Leaving a positive but somewhat less memorable impression in
his pivotal role as Charlie Price is Adam Kaplan. Too often, it feels that the actor is playing
a part rather then becoming that part. The
role of Charlie rides a big, emotional rollercoaster as he faces doubts about
his competencies to lead and to love, but in Mr. Kaplan’s hands, the ride
sometimes looks and feels more muted and less spontaneous and genuine that it
should. When contemplating in song his
“Step One” to “just put one set forward ... that I may be the hero who
reinvents the wheel,” his boyish voice with ever-present nasal qualities works
but does not totally sell. But later,
when he turns it on express his regrets and disappointments in Cyndi Lauper’s
harder-beat music (“Soul of a Man”), this Charlie finds his voice and rises to
sing with the kind of authenticity and vocal confidence missing earlier.

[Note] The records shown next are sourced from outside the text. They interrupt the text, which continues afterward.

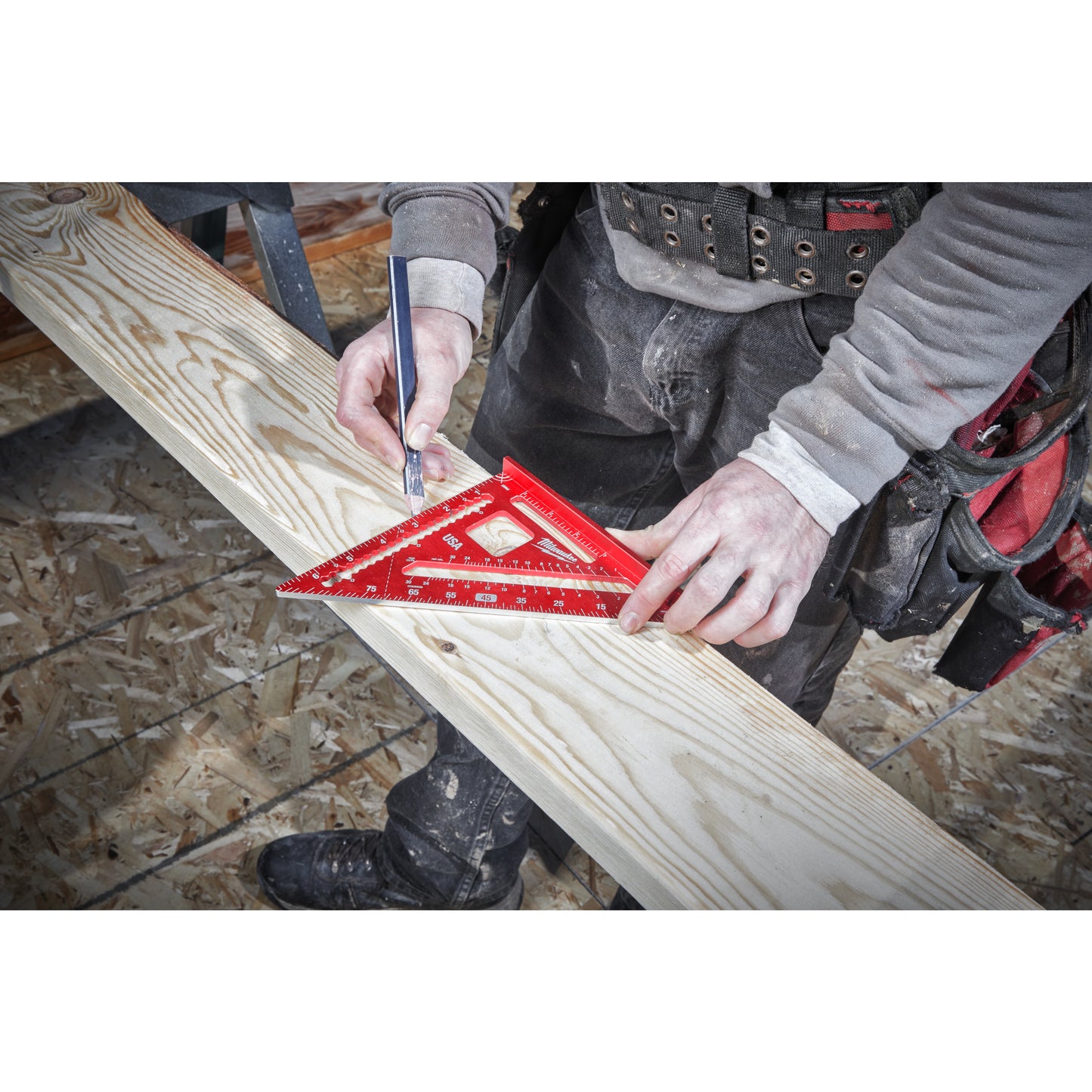 Milwaukee Meetdriehoek Rafter Square Rafter Square Metric - gartengeraete.jetzt  - 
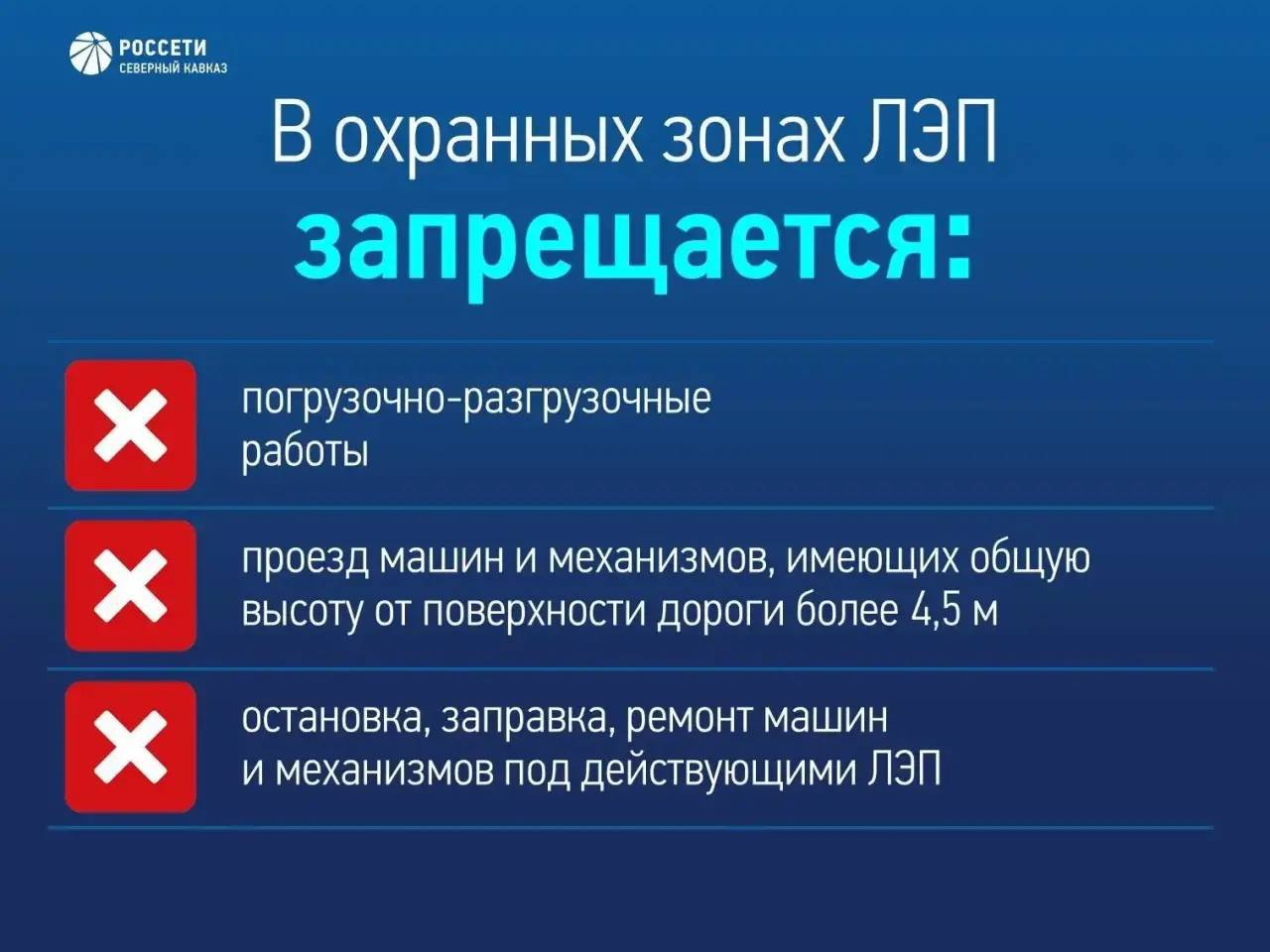 Охранные зоны ЛЭП: важные правила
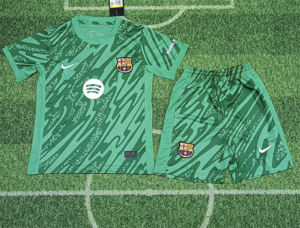 Dziecięcy zestaw bramkarski FC BARCELONA 24/25 NIKE (koszulka+spodenki) #25 Szczęsny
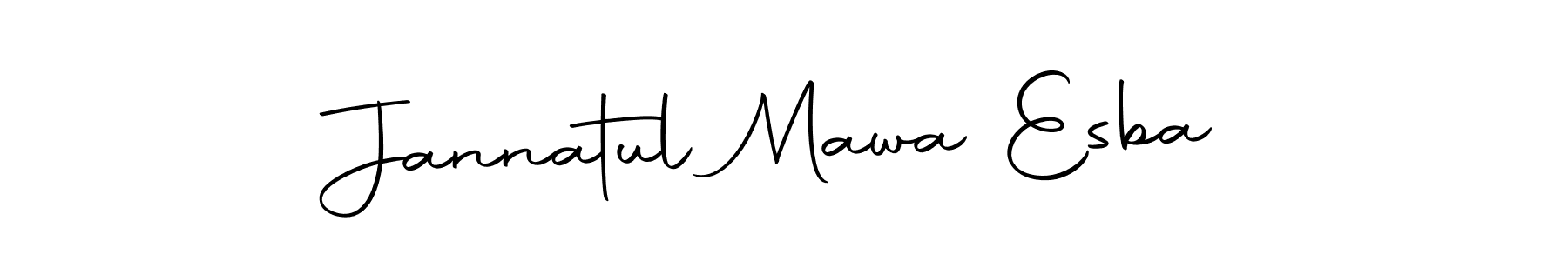 Similarly Autography-DOLnW is the best handwritten signature design. Signature creator online .You can use it as an online autograph creator for name Jannatul Mawa Esba. Jannatul Mawa Esba signature style 10 images and pictures png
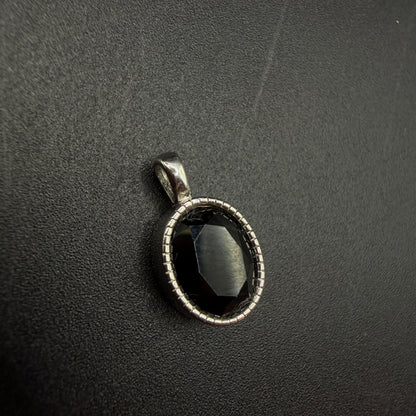 Black Spinel S925 Necklace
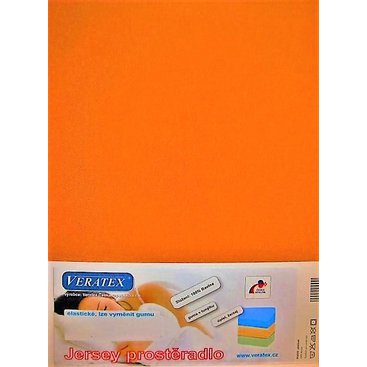 Domácnost - Jersey prostěradlo 180x200/20 cm (č.23-oranžová)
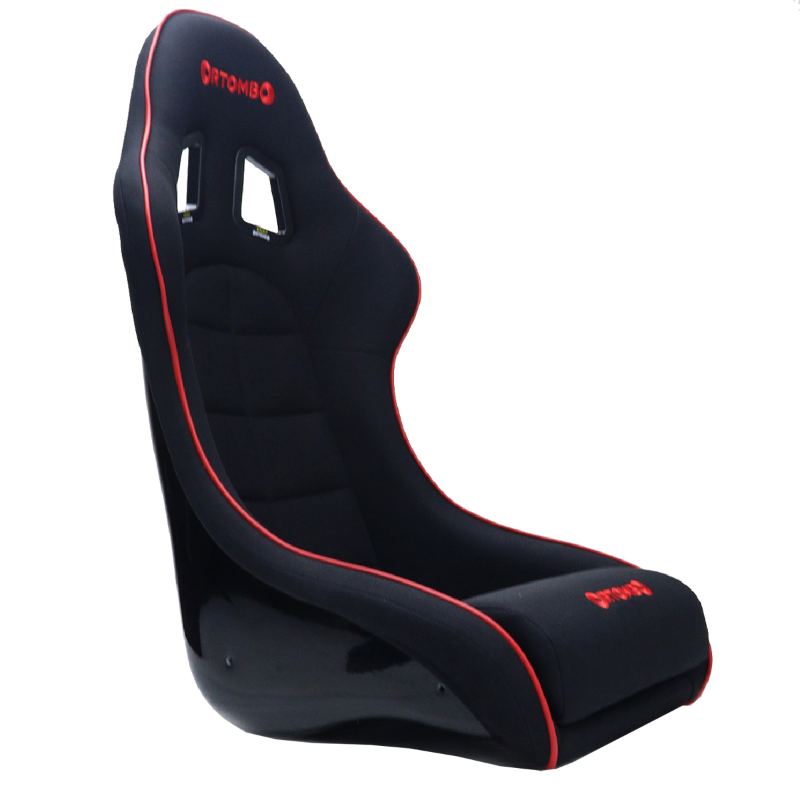 Orthombo GTI Seat / Fiberglass Racing Seat / Buckled Seat – Black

A number of more minor roles make their marks of
distinction, both in humorous and heart-warming ways, as this inspiring story
unfolds. As factory manager, George (Jim
J. Bullock) bridges the often yawning gaps between the young owner Charlie and
his skeptical employees while in the background, allows us to watch his own,
humor-filled coming out. Bearded and
burly Don (Aaron Walpole) bullies with spits and snarls Lola and the Angels
before slowly transforming before our eyes into a smiling friend who proudly
sings in “Just Be,” “You change the world when you change your mind.” Other factory workers create distinct
personalities in their short moments of spotlight (Shawna M. Hamic, Patty Lohr,
Damien Brett, among others), resulting in an ensemble that knows how to
individualize facial reactions and body movements while also blending
appropriately into a chorus of choreographed excellence.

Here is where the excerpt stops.